RE: Tuned Vibration Dampers- Optimal parameters and general discussion

(OP)
Thank you again.
"Not every car gets a bending absorber,"
So are there absorbers available that are only for this mode, or are torsional dampers tuned to both?
"your proposed torsional test is the best hope for a rig test, but if you are going to all that trouble why not just stick it on the engine?"
I understand what you mean here; but if you don't have the engine to test with (say it's not built yet) then there must be a method to propose an optimal TVD - while only having a simulation with proposed crank geometry.
What do you guys usually use for simulations of this nature?

RE: Tuned Vibration Dampers- Optimal parameters and general discussion

In the eighties we used a separate little harmonic damper for bending. It bolted onto the crank nose inside the pulley. However in the nineties Ford Australia started using a design of TV damper in which the rubber was profiled in side view, which meant that for a given TV tune you could vary the bending tune. Very clever.

I don't do NVH any more, I don't know what they use.

Cheers

Greg Locock


New here? Try reading these, they might help FAQ731-376: Eng-Tips.com Forum Policies http://eng-tips.com/market.cfm?

RE: Tuned Vibration Dampers- Optimal parameters and general discussion

I've just employed a poorly trained CAD guy to draw a TV damper. Changing the nominated radius to infinity or even negative alters the bending frequency of the damper while having little effect on the torsional frequency.





Cheers

Greg Locock


New here? Try reading these, they might help FAQ731-376: Eng-Tips.com Forum Policies http://eng-tips.com/market.cfm?

RE: Tuned Vibration Dampers- Optimal parameters and general discussion

(OP)
That's some great info Greg. Thanks again.

That is a clever idea using the curvature to effect the bending mode.
So I can conclude that if we tune the torsional mode out without considering the bending mode it can be a bad thing?
I would assume so.

Do you remember what kind of damping factors you were using? I assume the damping of these devices are just as if not more important than adjusting the natural frequency. Is this generally correct?

RE: Tuned Vibration Dampers- Optimal parameters and general discussion

I'd guess we were around 60-80 Shore A, whatever damping that gives. I wouldn't worry about the bending mode, nobody used to. On an I6 it is audible, but not an I4, generally. On the LT5 Corvette engine, which had a crank nose mounted gear type oil pump, the bending mode was strong enough to smash the pump up, so that got a bending damper.

Yes tuning for frequency is much more important than the damping. In the more general case of tuned absorbers too much damping is often a bad thing.

Cheers

Greg Locock


New here? Try reading these, they might help FAQ731-376: Eng-Tips.com Forum Policies http://eng-tips.com/market.cfm?

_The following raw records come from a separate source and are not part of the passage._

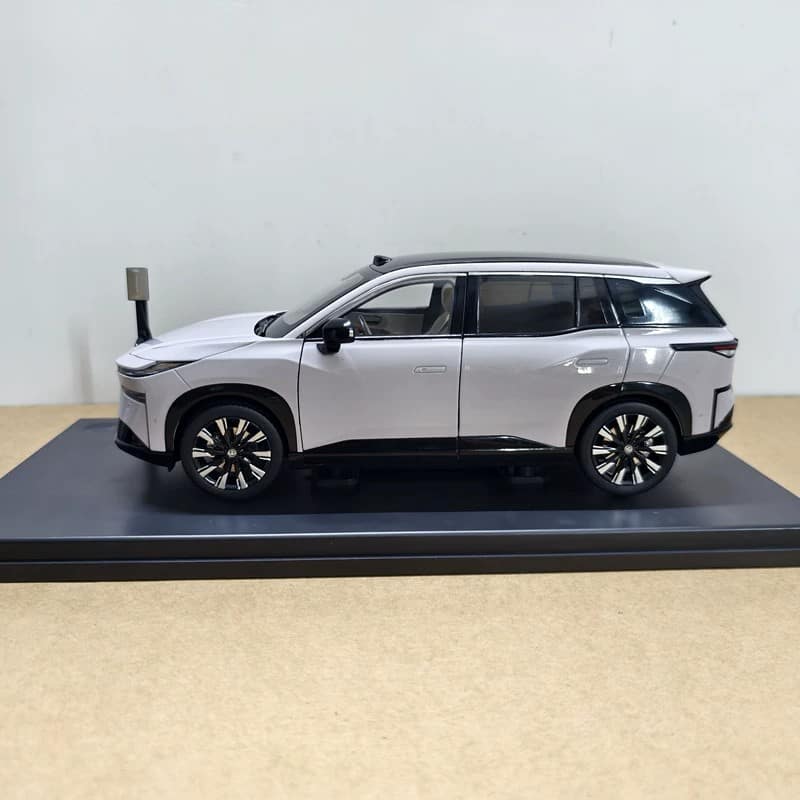 Official 1:18 GAC Toyota bZ3X Diecast Model Car – Alloy New Energy SUV Collector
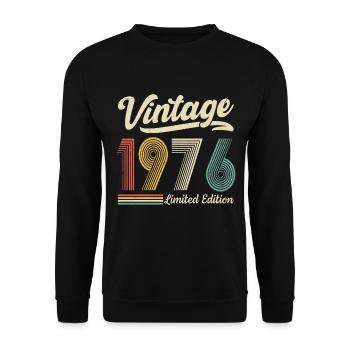 Vintage 1976 Limited edition 50. Geburtstag - Unisex Pullover - Schwarz - Vorne - Alina (178cm) & Michal (187cm)
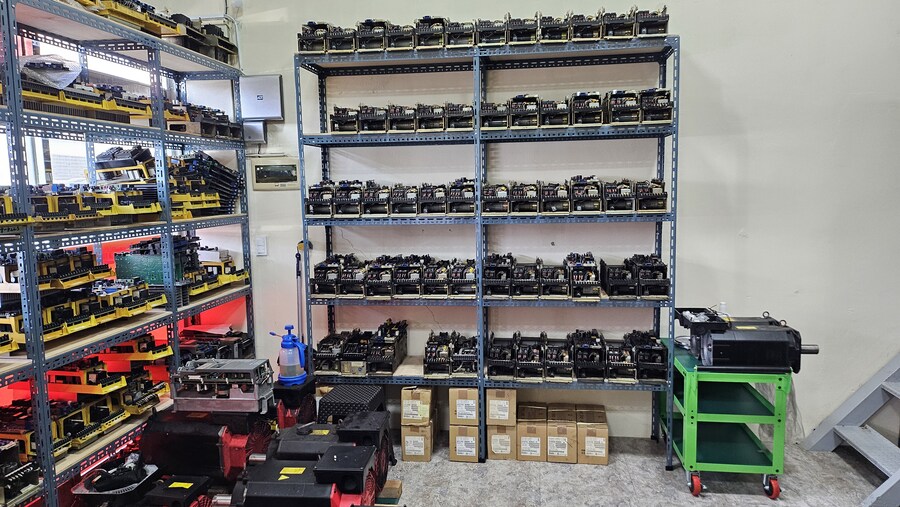 30대 중반 공돌이의 , 2025년 사무실 최신근황_10.jpg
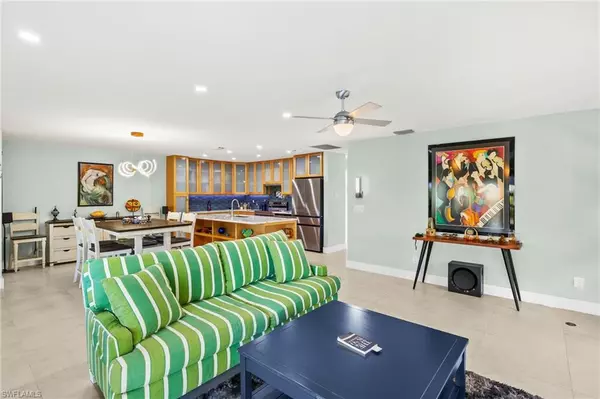 Sanibel, FL 33957,771 Rabbit RD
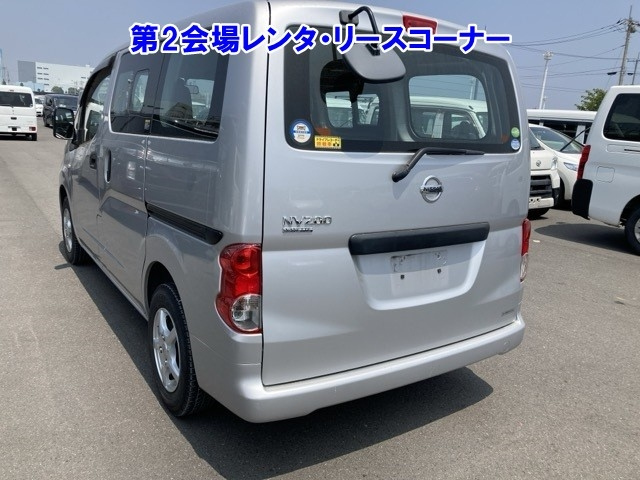 NISSAN NV200 2018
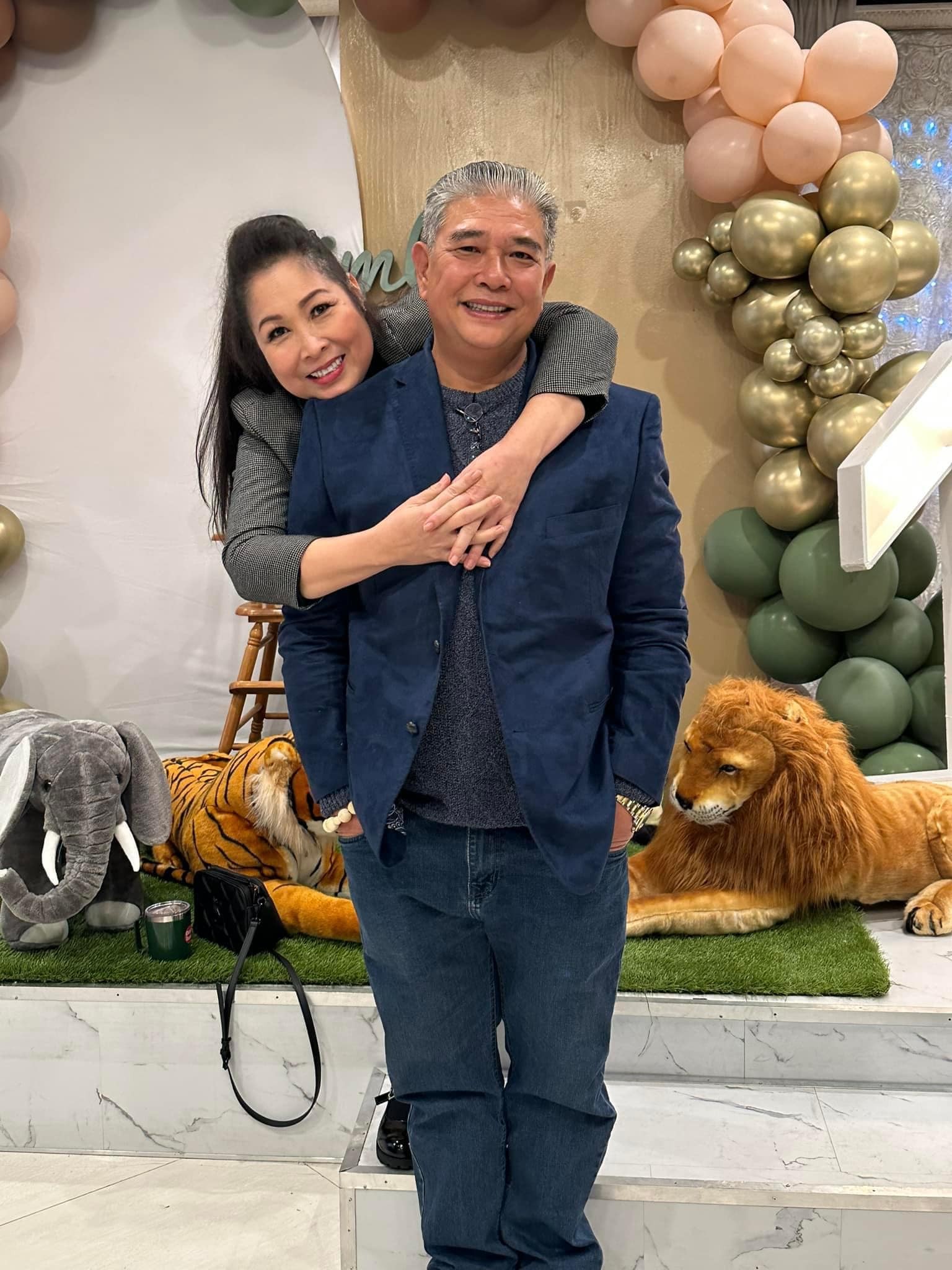 Sau hơn 20 năm, hôn nhân của NSND Hồng Vân và ông xã Lê Tuấn Anh vẫn ngọt ngào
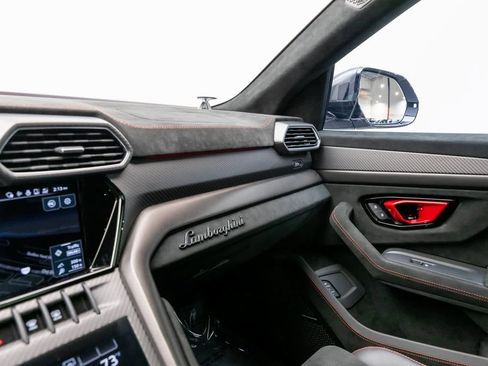 Used 2024 Lamborghini Urus Performante image 43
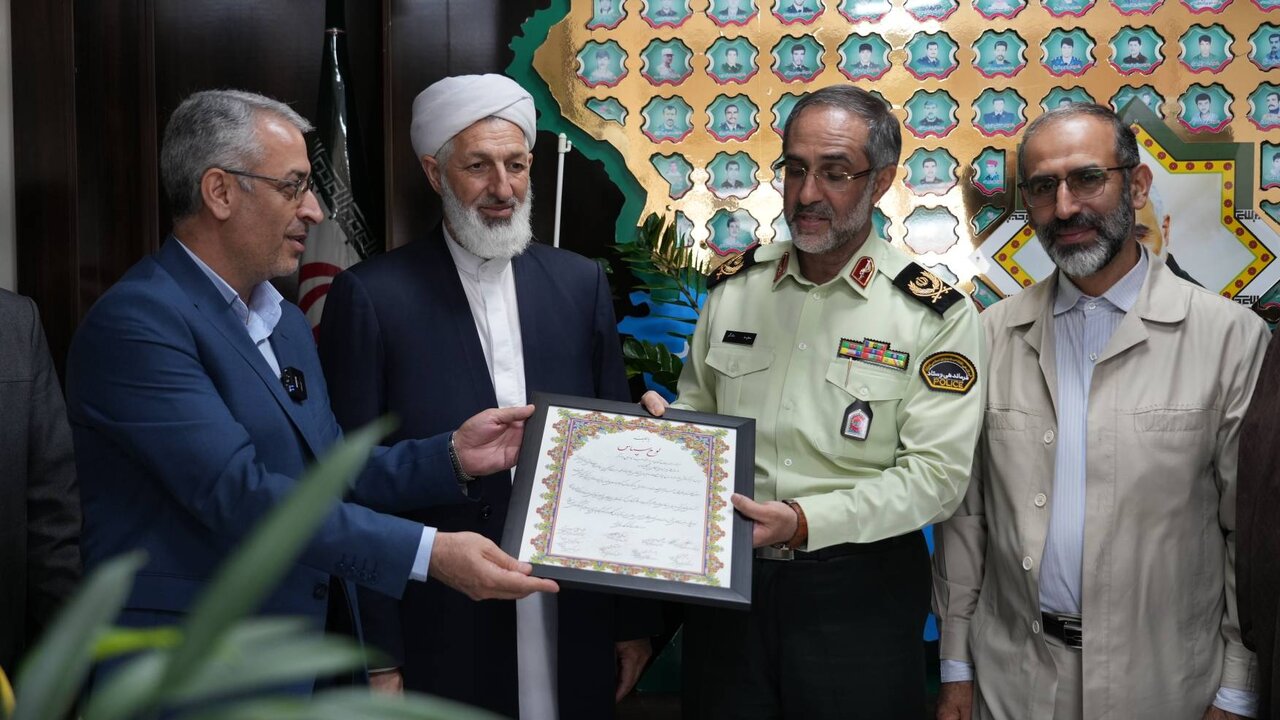 مدیران فرهنگی گلستان با فرمانده انتظامی استان دیدار کردند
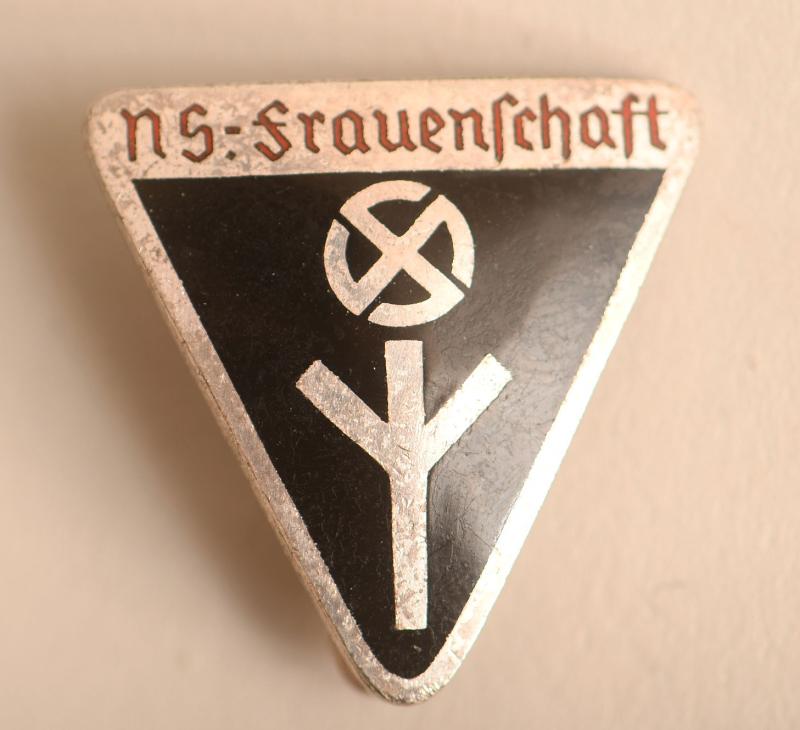 GERMAN WWII FRAUENSCHAFT LAPEL PIN.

RE: Tuned Vibration Dampers- Optimal parameters and general discussion

(OP)
Thanks Greg.

"In the more general case of tuned absorbers too much damping is often a bad thing."
Can you elaborate? If there is lots of damping it guarantees that the TVD doesn't create another 2 resonance conditions that have high amplitude as well.

What about viscous dampers? They are not tuned for frequency but have high damping across the board?

RE: Tuned Vibration Dampers- Optimal parameters and general discussion

I've never sat down and worked it out, but if you have a lot of damping the damper mass can't move as much so it can't absorb as much energy in the rubber, is a handwavy explanation. A few minutes in excel would prove it one way or the other. Viscous dampers are a whole separate thing, although I suspect the same applies in some respects. I haven't tuned one.

Cheers

Greg Locock


New here? Try reading these, they might help FAQ731-376: Eng-Tips.com Forum Policies http://eng-tips.com/market.cfm?

RE: Tuned Vibration Dampers- Optimal parameters and general discussion

(OP)
hmm. Thanks again Greg.
The viscous dampers seem to just add damping across the board and are maybe only on engines that are highly dynamic. Not sure how true this is nowadays.